**INSTRUCTIONS TO FOLLOW:** Leave out all images and set down the records exactly as given.

--- START ---

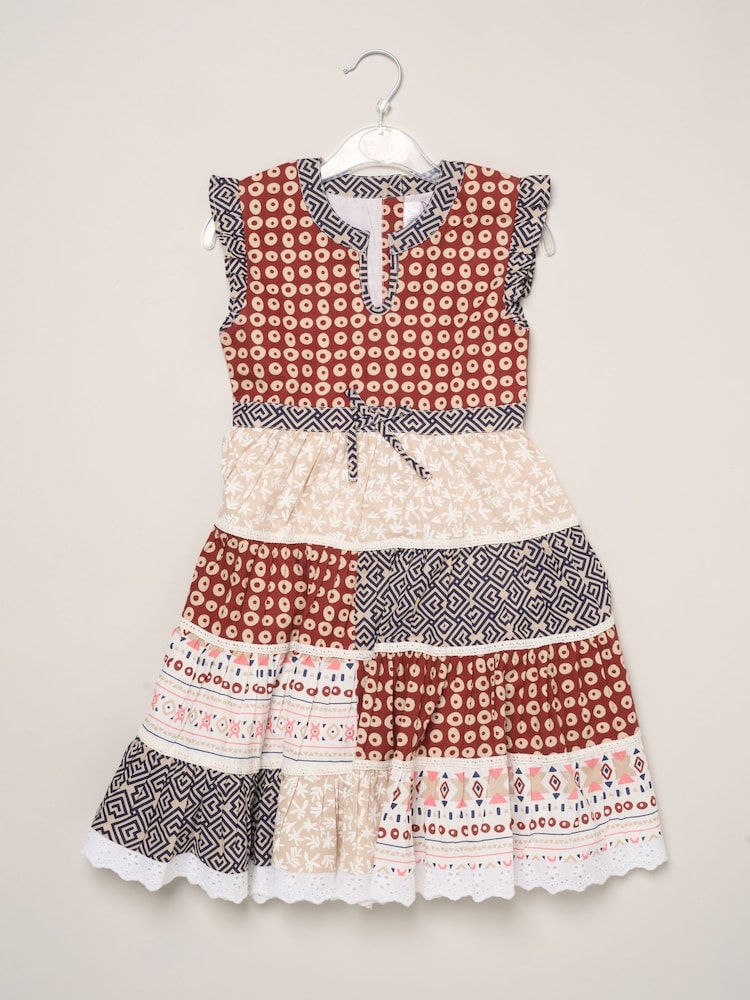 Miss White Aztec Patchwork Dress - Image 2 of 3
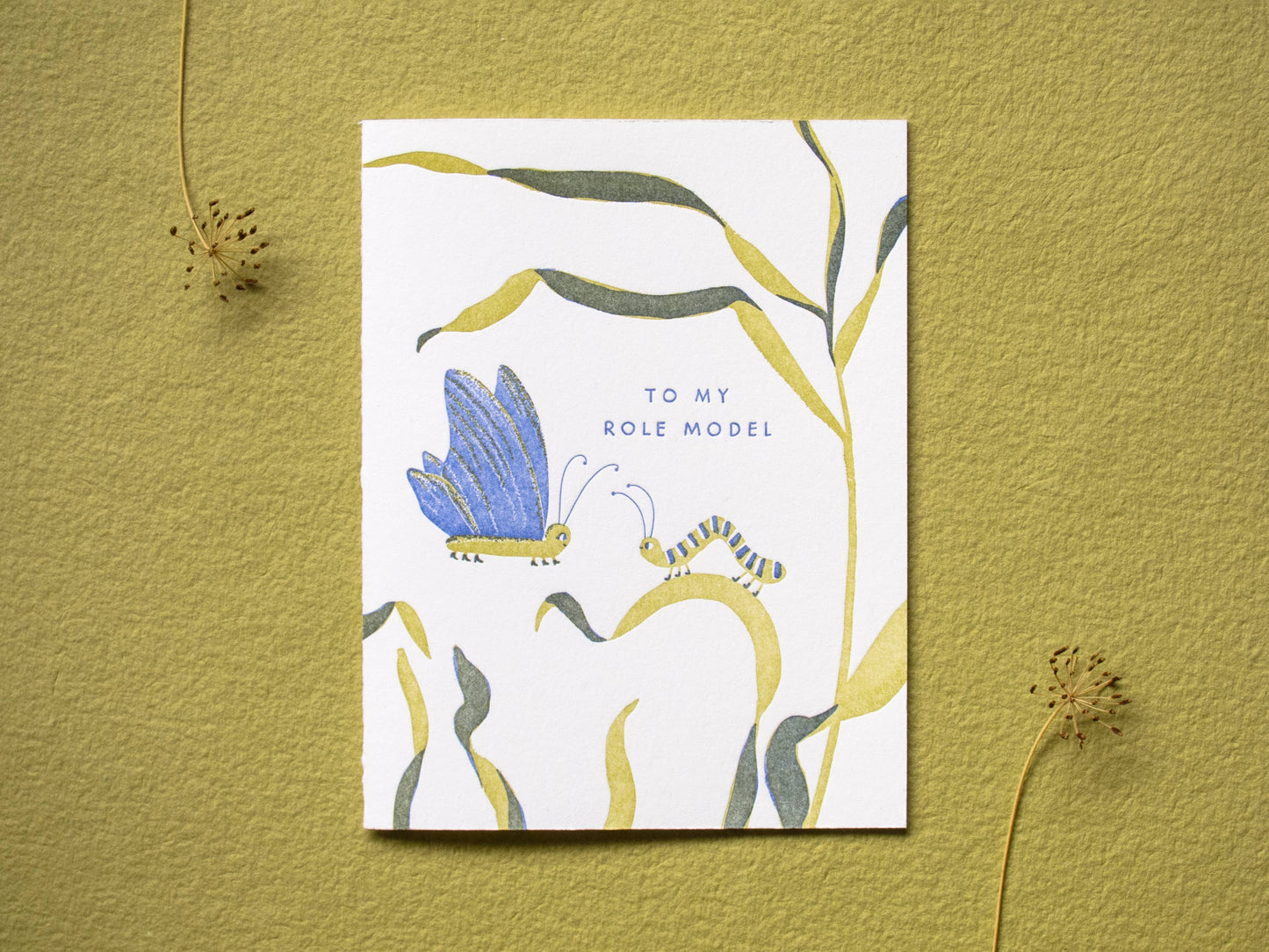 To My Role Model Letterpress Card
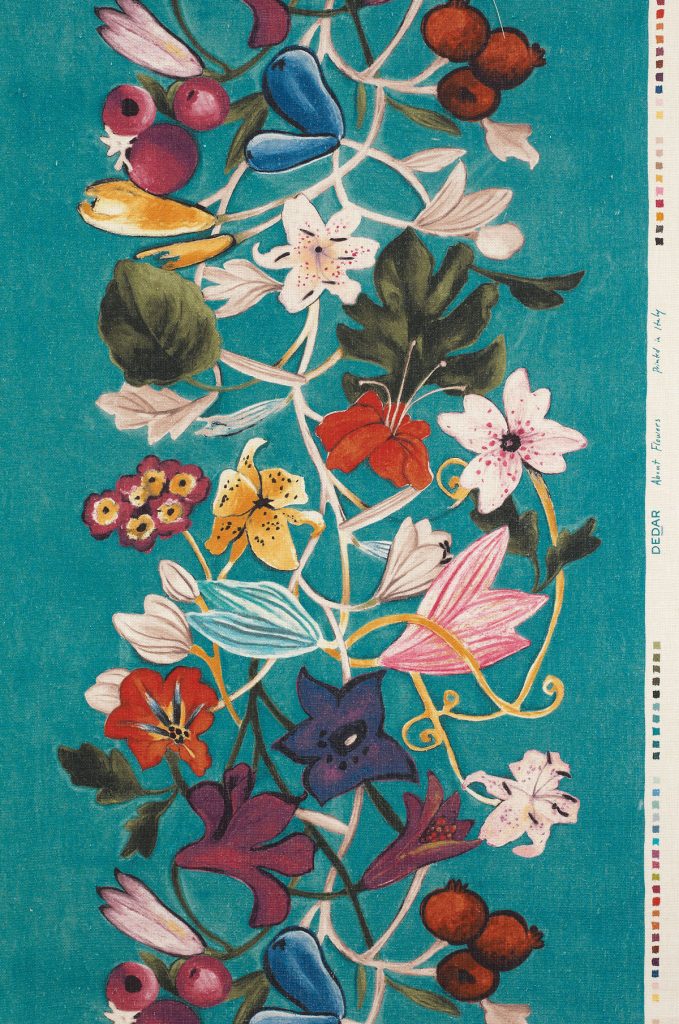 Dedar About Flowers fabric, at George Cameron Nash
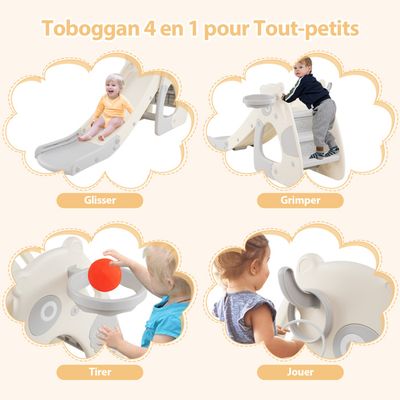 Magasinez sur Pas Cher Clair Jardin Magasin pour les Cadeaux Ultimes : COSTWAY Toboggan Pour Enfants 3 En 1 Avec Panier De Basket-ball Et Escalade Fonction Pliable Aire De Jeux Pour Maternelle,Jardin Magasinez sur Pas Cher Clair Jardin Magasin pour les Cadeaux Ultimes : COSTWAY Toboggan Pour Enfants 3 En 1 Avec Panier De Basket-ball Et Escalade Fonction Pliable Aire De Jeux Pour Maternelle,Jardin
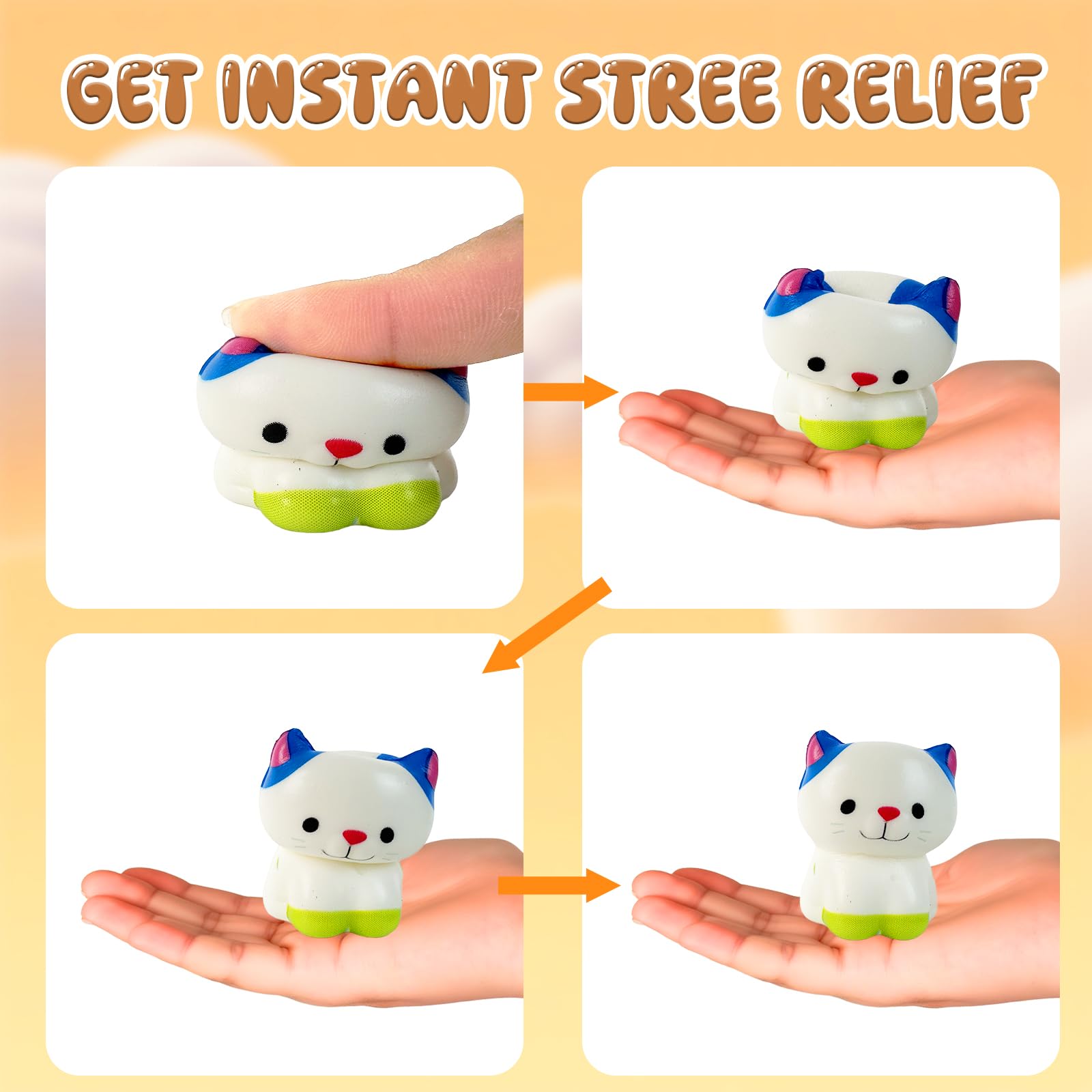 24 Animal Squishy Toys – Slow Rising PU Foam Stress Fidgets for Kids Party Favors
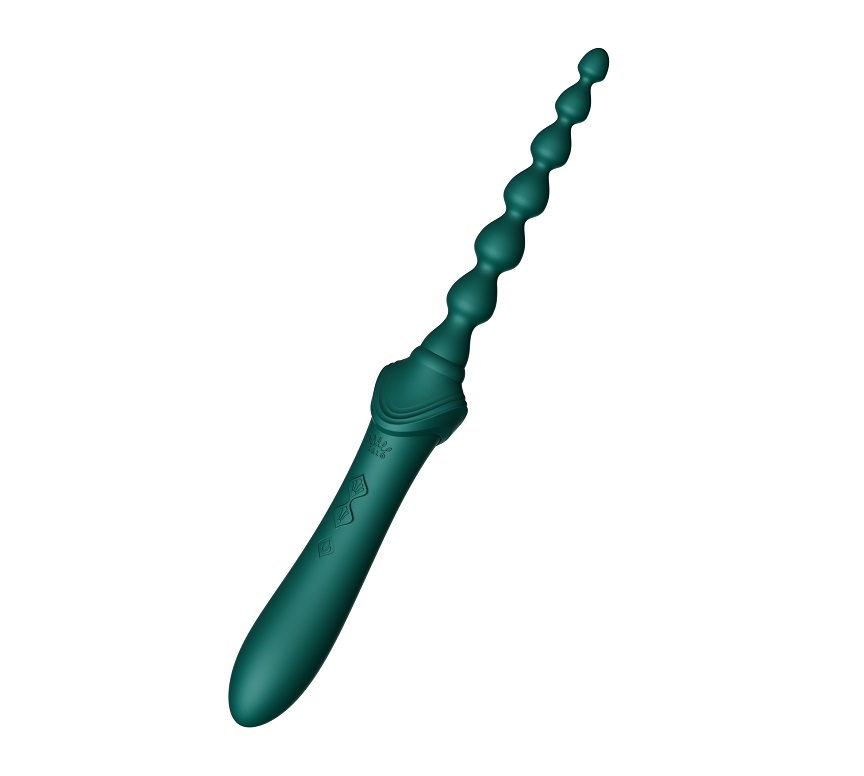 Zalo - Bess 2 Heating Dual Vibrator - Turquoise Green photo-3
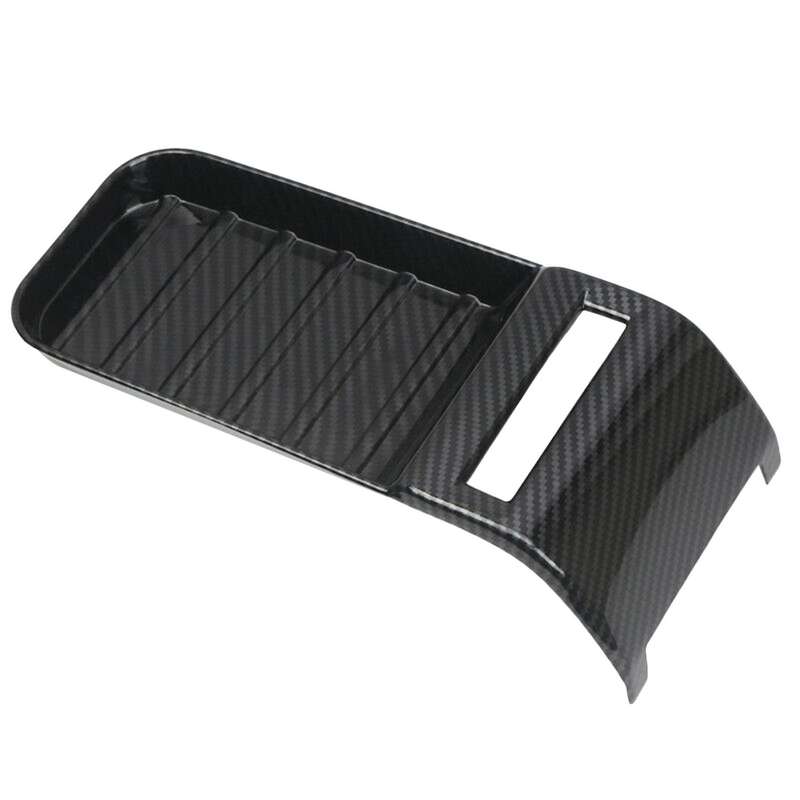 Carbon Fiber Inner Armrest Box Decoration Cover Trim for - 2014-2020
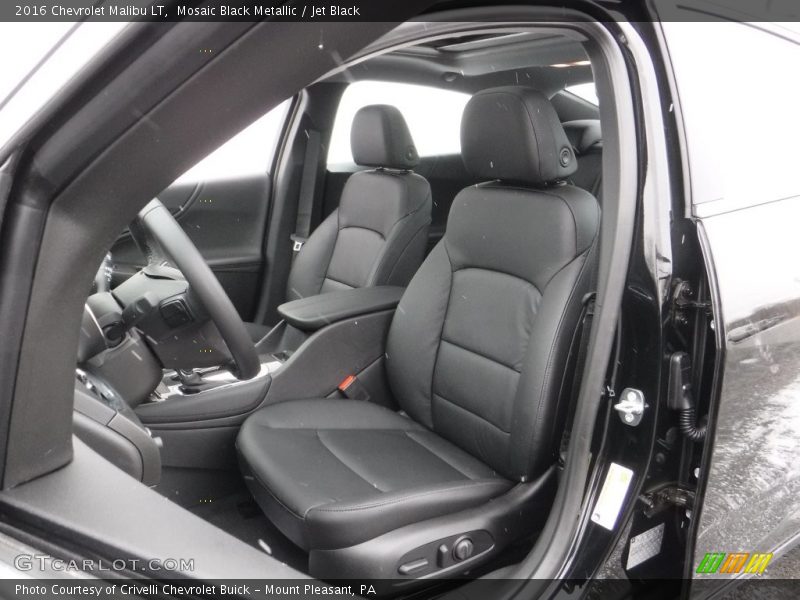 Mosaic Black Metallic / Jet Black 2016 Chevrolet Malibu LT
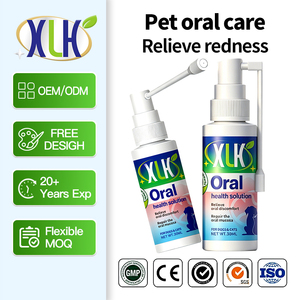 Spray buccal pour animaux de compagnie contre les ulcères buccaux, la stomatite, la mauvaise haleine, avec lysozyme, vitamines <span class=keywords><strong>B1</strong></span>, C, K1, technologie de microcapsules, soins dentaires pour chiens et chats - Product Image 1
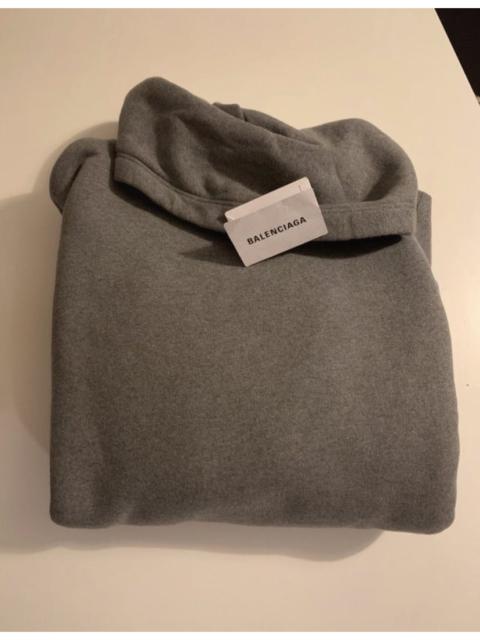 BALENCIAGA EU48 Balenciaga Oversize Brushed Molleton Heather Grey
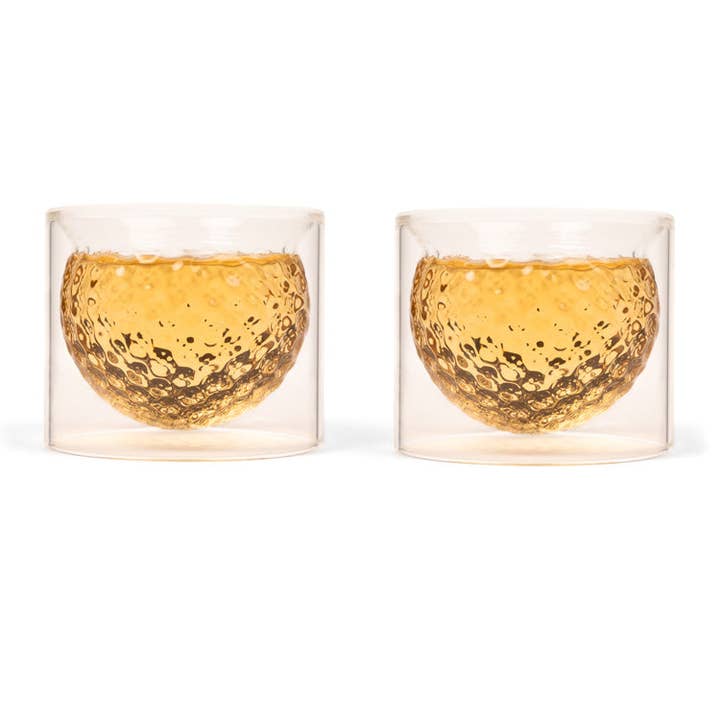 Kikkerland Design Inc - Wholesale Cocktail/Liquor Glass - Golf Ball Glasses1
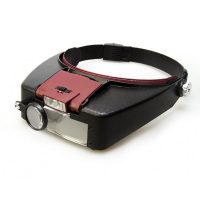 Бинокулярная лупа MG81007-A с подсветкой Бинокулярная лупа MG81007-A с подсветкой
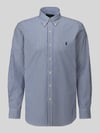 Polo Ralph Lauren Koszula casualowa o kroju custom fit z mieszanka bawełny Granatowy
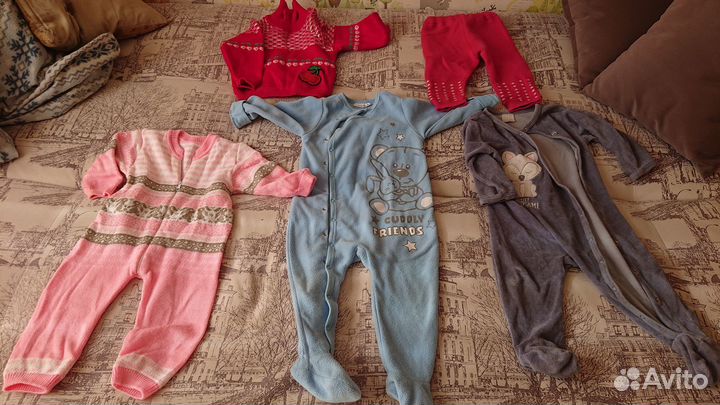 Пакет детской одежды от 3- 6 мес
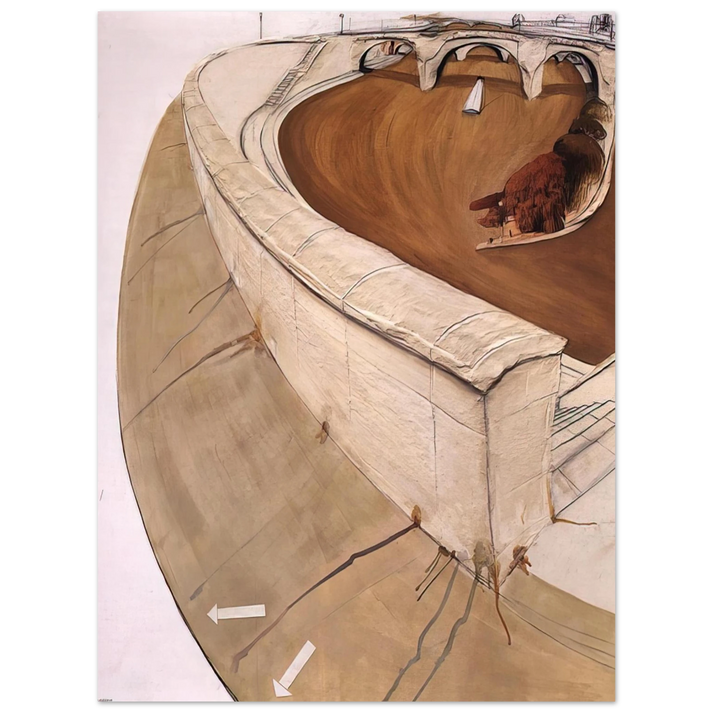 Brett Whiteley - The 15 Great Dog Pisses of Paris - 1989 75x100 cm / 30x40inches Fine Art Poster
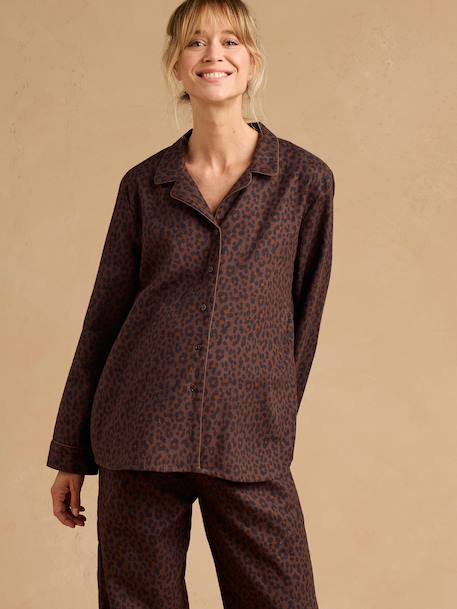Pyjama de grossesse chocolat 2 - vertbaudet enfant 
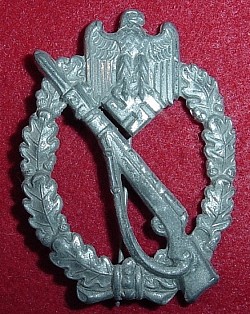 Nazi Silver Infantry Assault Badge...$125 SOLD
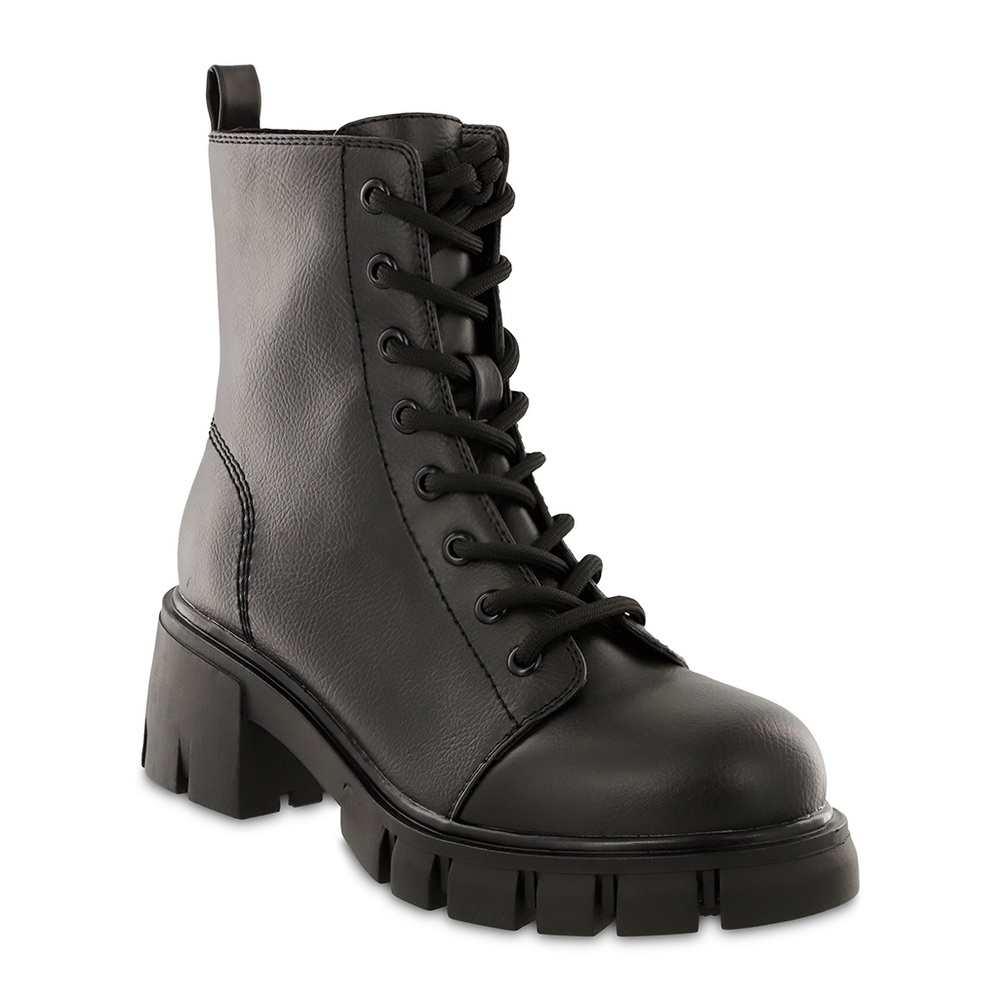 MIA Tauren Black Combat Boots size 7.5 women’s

--- END ---

**FINISHED TASK:**
 Miss White Aztec Patchwork Dress - Image 2 of 3
 To My Role Model Letterpress Card
 Dedar About Flowers fabric, at George Cameron Nash
 Magasinez sur Pas Cher Clair Jardin Magasin pour les Cadeaux Ultimes : COSTWAY Toboggan Pour Enfants 3 En 1 Avec Panier De Basket-ball Et Escalade Fonction Pliable Aire De Jeux Pour Maternelle,Jardin Magasinez sur Pas Cher Clair Jardin Magasin pour les Cadeaux Ultimes : COSTWAY Toboggan Pour Enfants 3 En 1 Avec Panier De Basket-ball Et Escalade Fonction Pliable Aire De Jeux Pour Maternelle,Jardin
 24 Animal Squishy Toys – Slow Rising PU Foam Stress Fidgets for Kids Party Favors
 Zalo - Bess 2 Heating Dual Vibrator - Turquoise Green photo-3
 Carbon Fiber Inner Armrest Box Decoration Cover Trim for - 2014-2020
 Mosaic Black Metallic / Jet Black 2016 Chevrolet Malibu LT
 Spray buccal pour animaux de compagnie contre les ulcères buccaux, la stomatite, la mauvaise haleine, avec lysozyme, vitamines <span class=keywords><strong>B1</strong></span>, C, K1, technologie de microcapsules, soins dentaires pour chiens et chats - Product Image 1
 BALENCIAGA EU48 Balenciaga Oversize Brushed Molleton Heather Grey
 Kikkerland Design Inc - Wholesale Cocktail/Liquor Glass - Golf Ball Glasses1
 Бинокулярная лупа MG81007-A с подсветкой Бинокулярная лупа MG81007-A с подсветкой
 Polo Ralph Lauren Koszula casualowa o kroju custom fit z mieszanka bawełny Granatowy
 Пакет детской одежды от 3- 6 мес
 Brett Whiteley - The 15 Great Dog Pisses of Paris - 1989 75x100 cm / 30x40inches Fine Art Poster
Pyjama de grossesse chocolat 2 - vertbaudet enfant 
 Nazi Silver Infantry Assault Badge...$125 SOLD
 MIA Tauren Black Combat Boots size 7.5 women’s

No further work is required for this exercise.